═══ Supplied information ═══

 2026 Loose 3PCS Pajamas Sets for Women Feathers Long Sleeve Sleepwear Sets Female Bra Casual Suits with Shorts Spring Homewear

═══
═══ Supplied information ═══

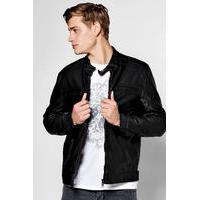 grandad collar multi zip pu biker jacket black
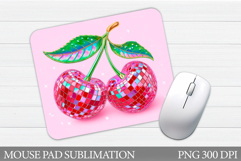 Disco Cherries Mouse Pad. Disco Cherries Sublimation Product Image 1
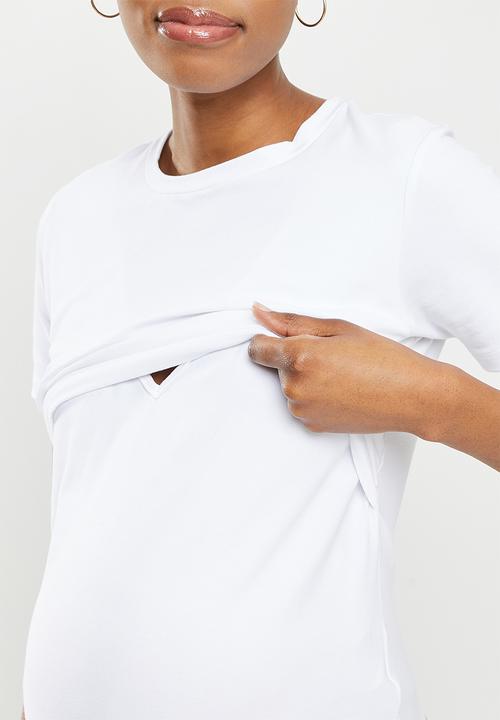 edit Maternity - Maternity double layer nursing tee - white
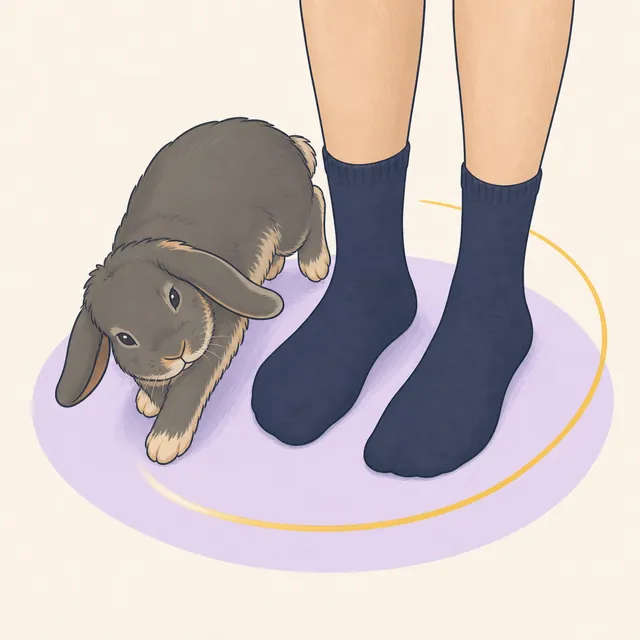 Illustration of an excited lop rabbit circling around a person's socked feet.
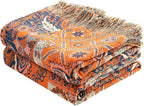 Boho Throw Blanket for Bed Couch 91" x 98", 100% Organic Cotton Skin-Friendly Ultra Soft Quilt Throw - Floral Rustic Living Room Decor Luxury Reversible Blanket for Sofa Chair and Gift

═══

• **Assignment**
In the data above, the stretch from the line with "Illustration of an" through the line with "Boho Throw Blanket" is to be returned exactly, minus any pictures.

• **The answer**
 Illustration of an excited lop rabbit circling around a person's socked feet.
 Boho Throw Blanket for Bed Couch 91" x 98", 100% Organic Cotton Skin-Friendly Ultra Soft Quilt Throw - Floral Rustic Living Room Decor Luxury Reversible Blanket for Sofa Chair and Gift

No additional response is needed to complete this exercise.